Are the Recent Interest Rate Cuts Helpful to You?

Consumers have an average of $12,000 in debt according to research. That debt comes in the form of home mortgages, car loans, credit cards, student loan debt, and many other, mostly unsecured debt obligations. Recently, events in Washington, mostly thanks to the United States Federal Reserve, has caused core interest rates to fall. Are these interest rate cuts helpful to you?

If you’re thinking that this is old news, you’re right, interest rates have been falling but what we’re talking about is another leg down. Mortgage rates for the best qualified buyers have dipped below 4%, a low not seen in decades.

The 10 year treasury yield is hovering around 2% and the Federal Reserve has gone on record saying that they will keep the Federal Funds rate between 0% and 0.25% until at least 2013, an unprecedented move. This has caused interest rate cuts throughout the financial industry.

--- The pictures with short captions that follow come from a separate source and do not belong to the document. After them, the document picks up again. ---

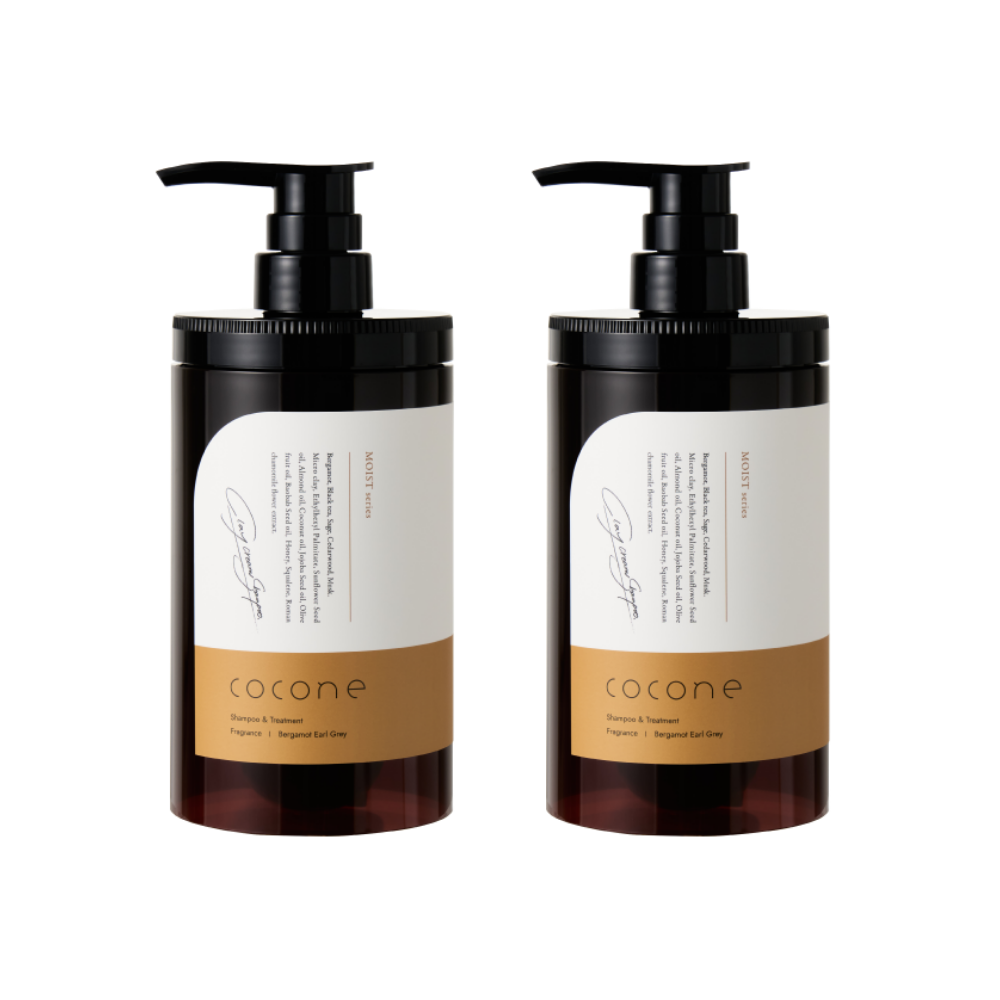 거품없이 사용하는 신세계 올인원 샴푸 cocone 코코네 클레이 크림 샴푸 2병 (벨가못 얼그레이 향) 80,000원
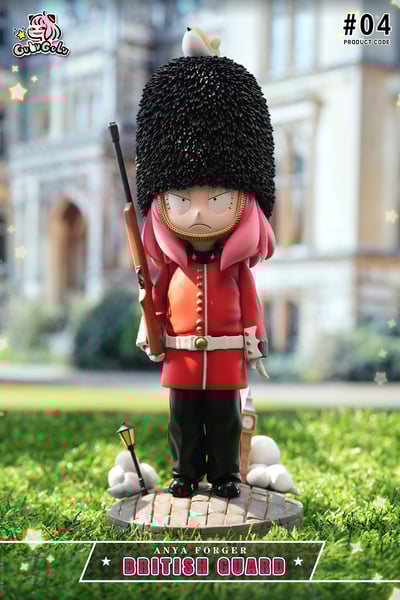 【SPYxFAMILY】GULUGULU-英國佬女孩7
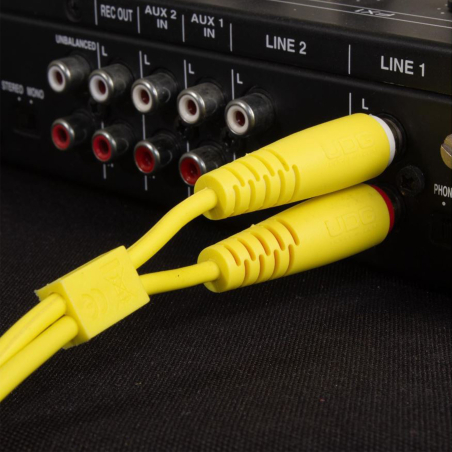 Câbles RCA / RCA - UDG - Ultimate Audio Cable Set...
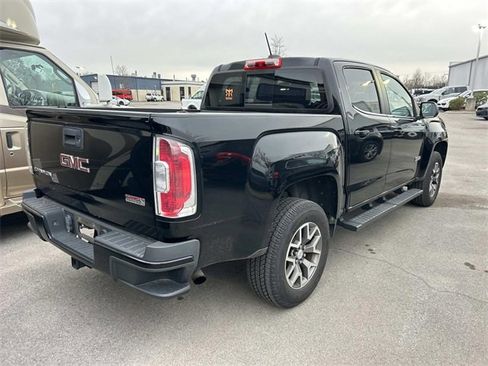 Used 2016 GMC Canyon SLE w/ All Terrain Package image 4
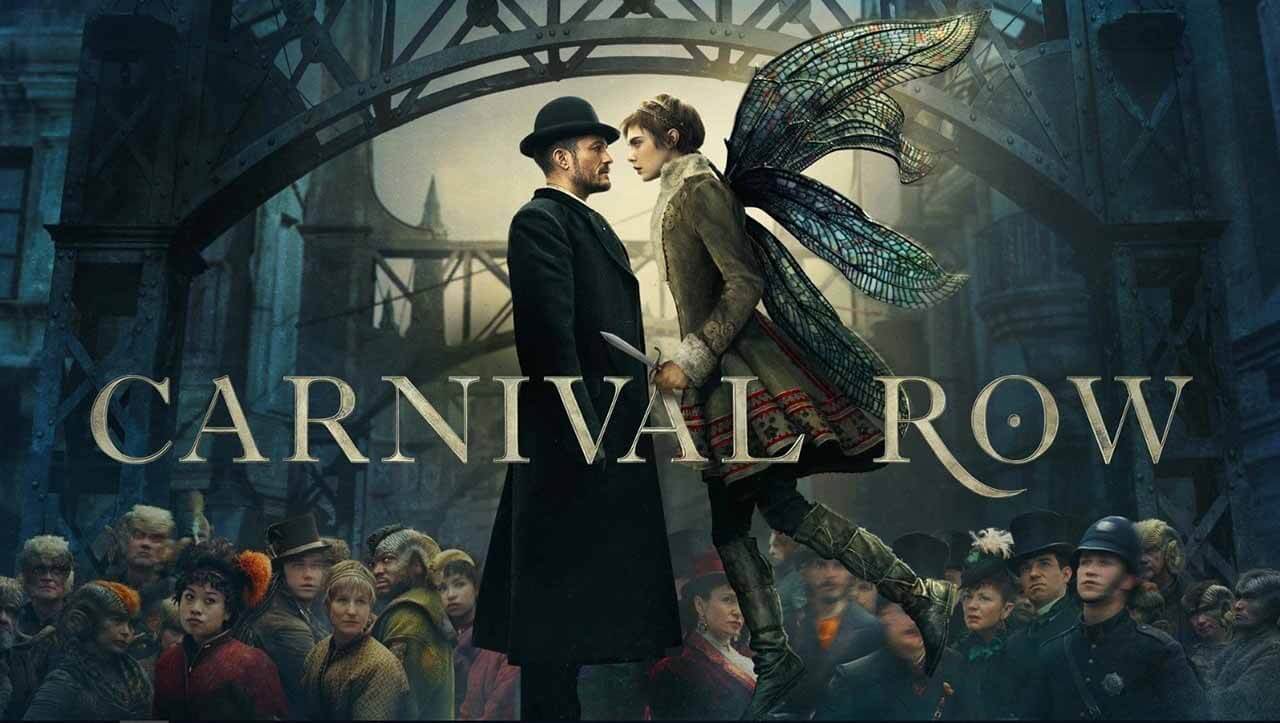 Сериал Карнивал Роу 3 сезон известная дата выхода в 2024 году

Most consumers don’t care about treasury rates, federal funds rates, and most aren’t purchasing homes right now anyway so how does this news affect your family’s bottom line?

Bad News

Largely, these recent interest rate cuts don’t affect any of your loans. If you have student loans, they are almost certainly locked in to a certain interest rate and since interest rates have been falling for a couple of years, you probably already consolidated your loans. If you haven’t, you can consolidate now but all of those loans are packaged and a weighted average of the interest rates becomes your new rate. Try to lock in a rate below 5%.

Consolidation of student loans isn’t as simple as it sounds, though. Only certain loans are eligible for consolidation and you can’t consolidate a mix of public and private loans.

Credit Cards

Remember that rate that the Federal Reserve promised to keep at near 0% until 2013? That is what your credit card interest rates are based on so don’t look for much help there either. If you have an existing credit card and the rate is above 15%, ask for a review of your rate if you have a spotless payment history. If you don’t, your chances of a lower rate are slim. If you are a disciplined money manager and you can commit to paying your card off within a year to 18 months, consider a balance transfer to a zero interest rate card. That 0% rate will turn in to a rate that may be higher than your original card. Unfortunately, recent interest rate cuts aren’t going to help your credit card.


If you own a home and you haven’t refinanced since 2008, now might be the time. With interest rates at a historic low, now is the perfect time to find a mortgage refinance calculator online and see if the money you save each month is worth the cost of the refinance.

If you’re considering buying a home, the market is customer friendly but what about your finances? As a general rule, you need an average credit score of 740 and at least a 25% down payment in order to qualify for a loan.


When you hear that interest rates have fallen, the actual benefit to you is often very little. You’ve heard it before but it can’t be repeated enough: The best way to gain better financial footing is to eliminate as much of your debt as possible. This makes any discussion of interest rates largely unimportant to you.